Learning is a process and there are programs out there that teach entrepreneurship in a very real way and women should compete to be accepted. Venuetastic’s recent funding by Y-Combinator is a great example. However, getting a firm “no”, particularly when it is honestly delivered by another woman who’s been there is equally if not more instructive. Women should absolutely mentor women…brutally. Let us push each other forward as we rip the scales from our eyes. This business is not for everyone, male or female. It is hard, scary, and fraught with very real danger. To compete you must be able to swim in the same pool as the men and be better, what the heck do you think they’re doing? Competition means everything will be used against you, including being a woman. Men are using everything against each other to win why should it be different for us?

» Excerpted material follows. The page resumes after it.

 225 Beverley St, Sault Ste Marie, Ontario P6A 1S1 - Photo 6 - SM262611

If you’ve ever played a team sport you know this is the rule. The difference in entrepreneurship is that the stakes are real and they don’t end with the buzzer. Use every tool you’ve got. But wait, do it with integrity—I didn’t say it would be easy.

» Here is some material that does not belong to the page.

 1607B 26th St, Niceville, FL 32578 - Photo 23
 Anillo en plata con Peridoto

Know this, high tech entrepreneurship is one of the most dangerous games on earth; don’t let anyone tell you otherwise. If you are really playing the game you are bound to lose everything, at least once, as well as everything you borrowed from the friends and family that love you. Your ego will receive an extreme beating and if you can’t recreate a tougher, more balanced and self-aware version of your ego you will fail. Train! Study your competition, learn from them and then develop your own unique style based on your strengths. I don’t want to read any more posts about whether or not it’s ok to cry at work. That is irrelevant. What you need to perfect is the ability to decide the appropriateness of any emotion at any given time in the course of your day as an entrepreneur and the leader of your company—when to cry, when to tell a joke to break the tension, when to shut up, when to motivate and when to wait. If you screw up, own up and keep going. Seek out brutally honest mentors (especially men) and re-evaluate your strengths and contribution every day. Remember, you don’t have to be CEO to be an entrepreneur so be honest about whether or not that’s your best fit as founder—the success of your company depends on it.
As in life, the key to succeeding at entrepreneurship is “know thyself” and there is nothing quite like entrepreneurship to strip the extra away. Once you do, you will never again mistake mediocrity for a helping hand.
Good luck, don’t settle, fight hard.